FICUNAM | ‘Chevalier’: Los juegos de Narciso

Eímai o kalýteros

El concepto de virilidad y masculinidad se han visto sometidos a una serie de cambios y transformaciones más o menos continuas durante las últimas décadas, pero en esencia han persistido  muchas de sus características mas indelebles y primitivas a lo largo del tiempo, siendo una de las más arraigadas la de la competitividad.
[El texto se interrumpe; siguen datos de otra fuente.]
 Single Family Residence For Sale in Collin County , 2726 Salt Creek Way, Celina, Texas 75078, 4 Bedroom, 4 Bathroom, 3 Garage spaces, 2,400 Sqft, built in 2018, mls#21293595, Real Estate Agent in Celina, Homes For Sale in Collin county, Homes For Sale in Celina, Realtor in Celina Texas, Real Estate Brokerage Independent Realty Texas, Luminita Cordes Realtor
En cualquiera de sus modalidades, el hombre contemporáneo padece una insatisfacción crónica al comparar sus habilidades con las de otro hombre, se mide y mide a los demás compulsivamente buscando reafirmar su superioridad, o cuando menos, la ilusión de la misma.

La cineasta griega Athina Rachel Tsangari, después de haber explorado los lazos femeninos desde su ángulo mas extraño y revelador en Attenberg (2010), y de manera institucional en el estilizado mediometraje The Capsule (2012), vira hacia un grupo de afluentes amigos en un yate en medio del Mar Egeo y que en medio de su lujoso aburrimiento deciden organizar un juego, que como todos, habrá de terminar en pleitos y enervante tensión: en base a subjetivos puntajes deberán decidir quién de ellos es “el mejor hombre” juzgando absolutamente todo lo que hacen.
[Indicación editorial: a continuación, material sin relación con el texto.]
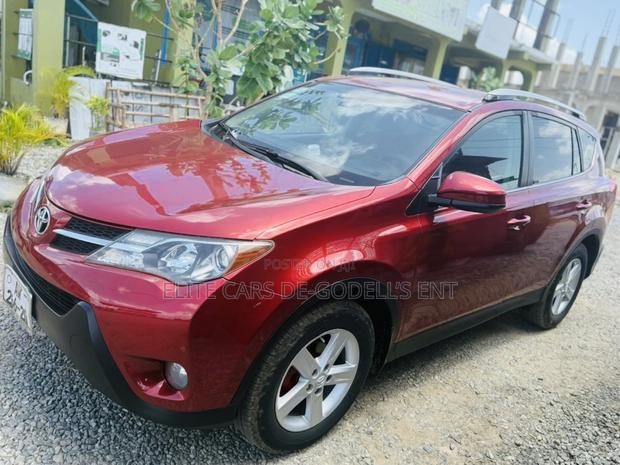 Toyota RAV4 LE 4dr SUV (2.5L 4cyl 6A) 2015 Orange
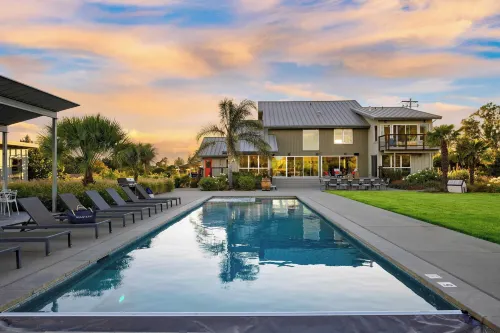 Coplan Vineyards by AvantStay 10-Acre Estate w Pool Spa Bocce Designer Interiors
El punto argumental, como en una gran mayoría del cine griego contemporáneo (Lanthimos, Aravanas) resulta atractivo y se presta a agudas observaciones sobre la conducta humana. La dinámica entre este heterogéneo grupo de hombres implica una personometría radical, desde calificar y cuestionar las posturas al dormir, sin olvidar desde luego la musculatura, la inteligencia, el estilo de su ringtone y evidentemente, el tamaño, durabilidad y forma de una erección.
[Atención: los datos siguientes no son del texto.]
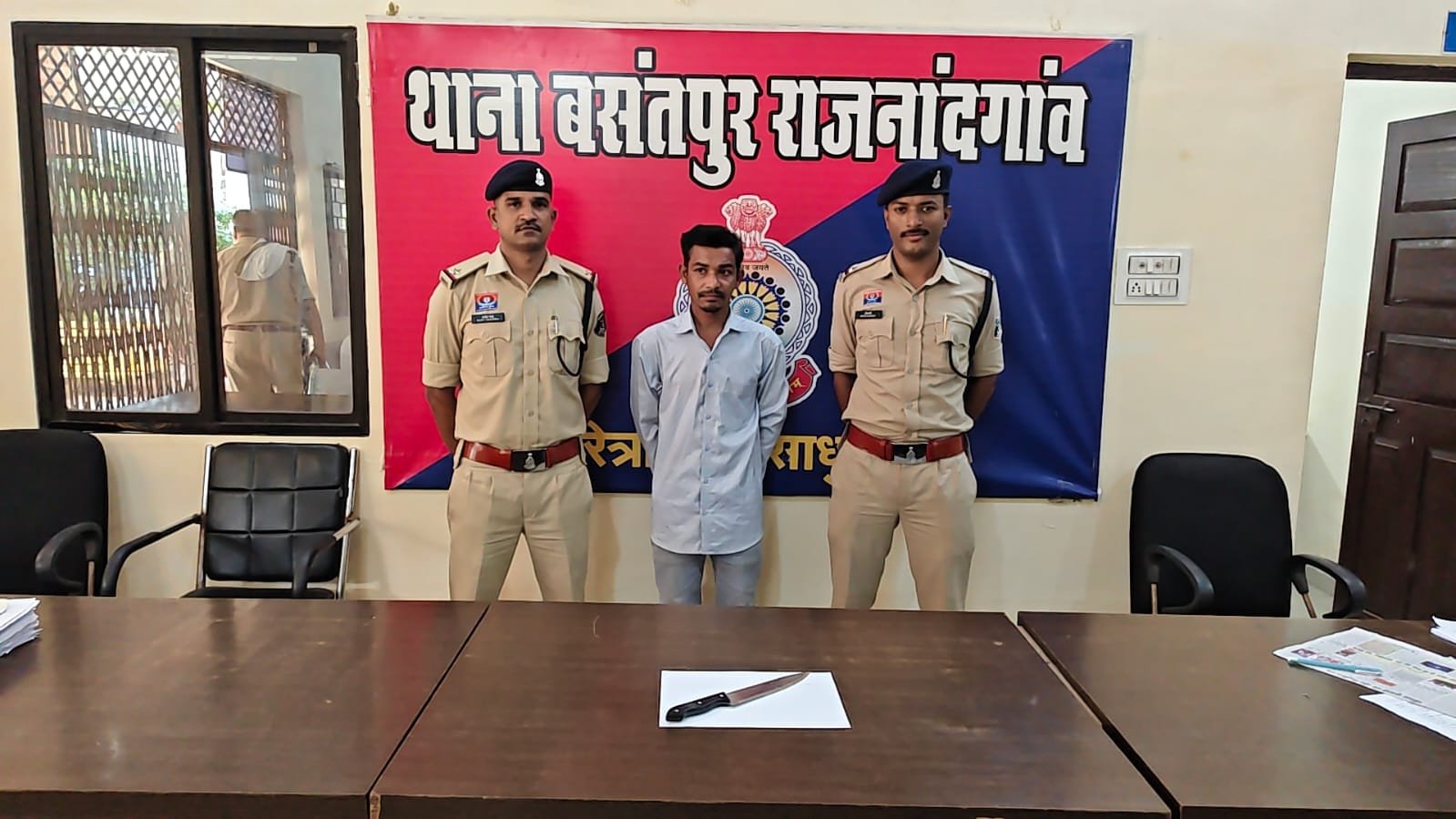 सार्वजनिक स्थान पर चाकू लहराकर लोगों को डराने वाला आरोपी गिरफ्तार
Tsangari presenta a su ensamble como un príapico (en referencia a la figura mitológica de Priapo) grupo de inseguros infantiloides, adeptos a la cultura Men’s Health y sus códigos de comportamiento masculino, enfrascados en un juego que después de varios días, se vuelve tedioso y repetitivo, dejando de lado el lúdico goce y entrando en juego la fragmentación de sus psiques, tal como en aquel exasperante y macabramente divertido juego en La ruleta china (1978) del maestro alemán Rainer Werner Fassbinder.

Al final, Chevalier se desprende de la masculinidad para generar un comentario de mayor alcance sobre las relaciones de clase, mostrando como los sirvientes del yate comienzan a hacer sus pronósticos sobre los ganadores  e incluso a replicar con mayor austeridad las dinámicas de interacción de los “patrones”, muy a la Renoir (La regle du jeu, 1939) o Altman (Gosford Park, 2001). Sin embargo, en el juego de los narcisos no hay ningún ganador, solo un grupo de perdedores que creen que ganaron.